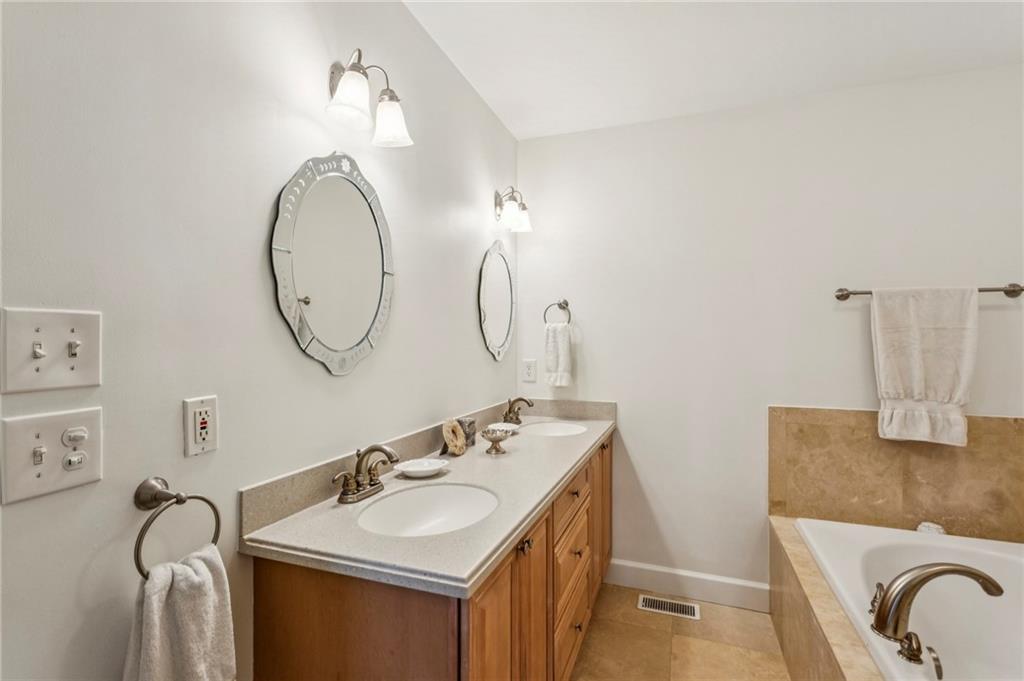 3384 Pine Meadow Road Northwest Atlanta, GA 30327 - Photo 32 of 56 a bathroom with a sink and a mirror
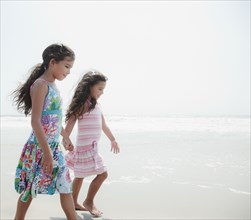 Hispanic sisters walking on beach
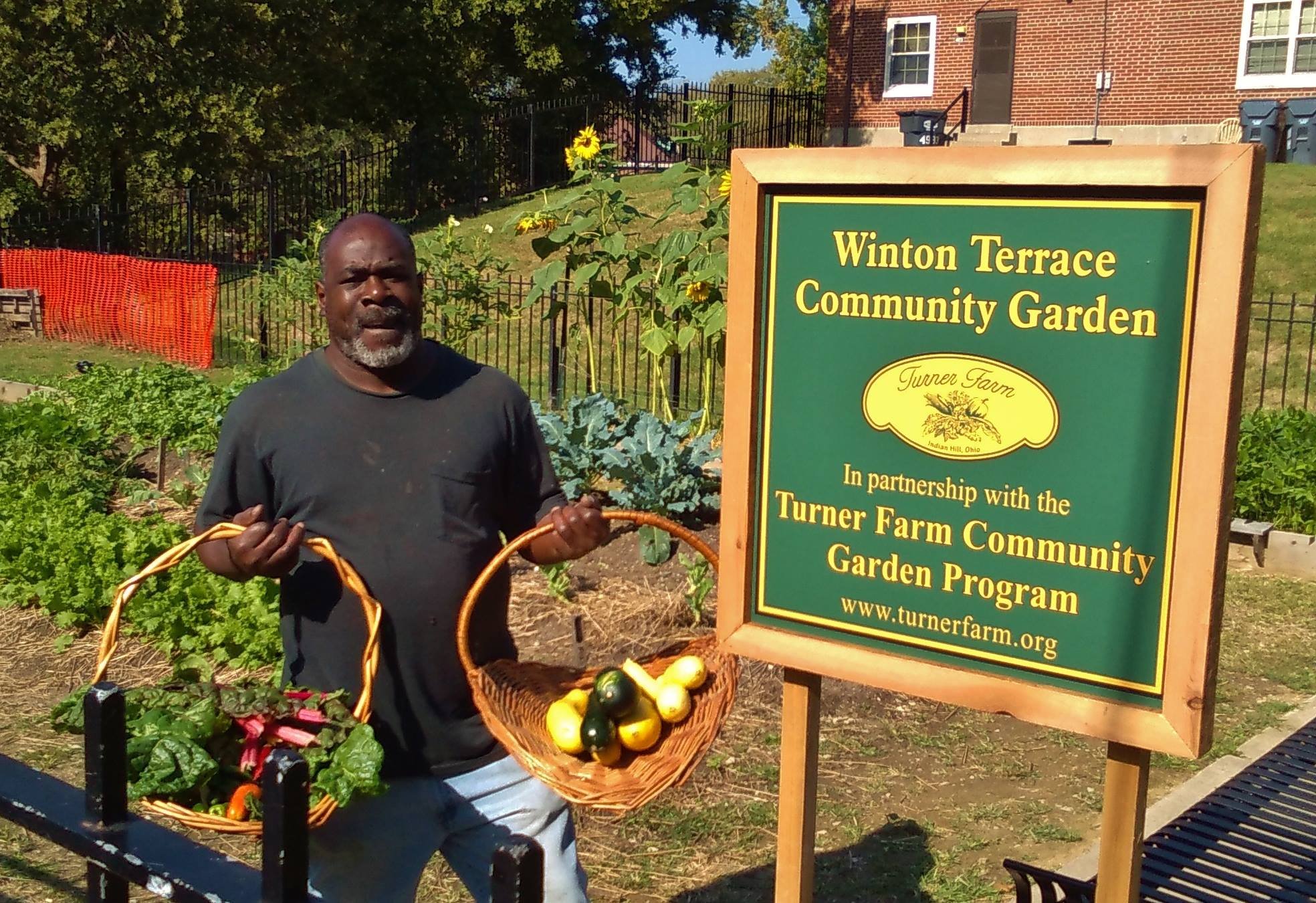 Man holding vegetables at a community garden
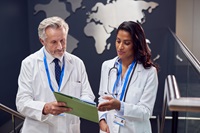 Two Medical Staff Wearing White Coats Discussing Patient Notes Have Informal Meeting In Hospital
__________________________________________________
REQUIREMENT: Repeat only the lines from the one holding "Hispanic sisters walking on beach" through the last line of the data, inclusive. Keep the pictures out.

WRITTEN ANSWER:
 Hispanic sisters walking on beach
 Man holding vegetables at a community garden
 Two Medical Staff Wearing White Coats Discussing Patient Notes Have Informal Meeting In Hospital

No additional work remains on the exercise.